Reputation: 451
When I read other people's python code, like, spark.read.option("mergeSchema", "true")
, it seems that the coder has already known what the parameters to use. But for a starter, is there a place to look up those available parameters? I look up the Apache documents and it shows parameter undocumented.
Upvotes: 45
Views: 80459
Reputation: 9
More options you will find in the Spark API Documentation of the method csv
of class org.apache.spark.sql.DataFrameReader
. As shown above, the options depend on the input format to be read.
Upvotes: 0
Reputation: 805
Annoyingly, the documentation for the option
method is in the docs for the json
method. The docs on that method say the options are as follows (key -- value -- description):
primitivesAsString -- true/false (default false) -- infers all primitive values as a string type
prefersDecimal -- true/false (default false) -- infers all floating-point values as a decimal type. If the values do not fit in decimal, then it infers them as doubles.
allowComments -- true/false (default false) -- ignores Java/C++ style comment in JSON records
allowUnquotedFieldNames -- true/false (default false) -- allows unquoted JSON field names
allowSingleQuotes -- true/false (default true) -- allows single quotes in addition to double quotes
allowNumericLeadingZeros -- true/false (default false) -- allows leading zeros in numbers (e.g. 00012)
allowBackslashEscapingAnyCharacter -- true/false (default false) -- allows accepting quoting of all character using backslash quoting mechanism
allowUnquotedControlChars -- true/false (default false) -- allows JSON Strings to contain unquoted control characters (ASCII characters with value less than 32, including tab and line feed characters) or not.

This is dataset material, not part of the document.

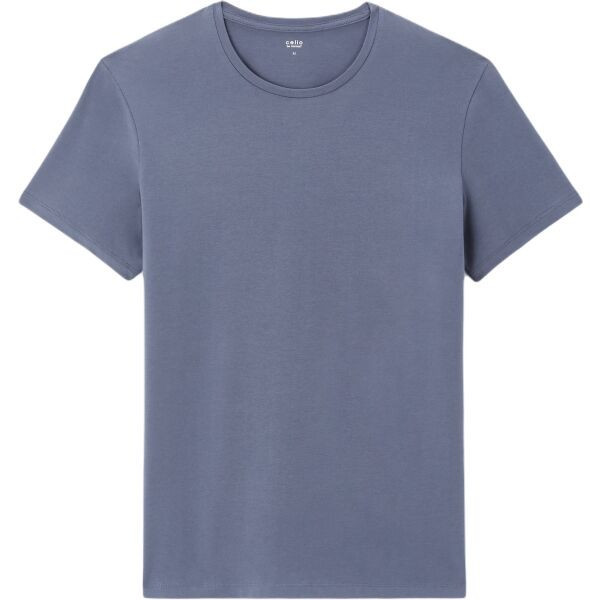 CELIO NEUNIR Pánské triko, modrá, velikost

mode -- PERMISSIVE/DROPMALFORMED/FAILFAST (default PERMISSIVE) -- allows a mode for dealing with corrupt records during parsing.
Upvotes: 18
Reputation: 74
For built-in formats all options are enumerated in the official documentation. Each format has its own set of option, so you have to refer to the one you use.
For read
open docs for DataFrameReader
and expand docs for individual methods. Let's say for JSON format expand json
method (only one variant contains full list of options)
For write open docs for DataFrameWriter
. For example for Parquet:
However merging schema is performed not via options, but using session properties
spark.conf.set("spark.sql.parquet.mergeSchema", "true")
Upvotes: 4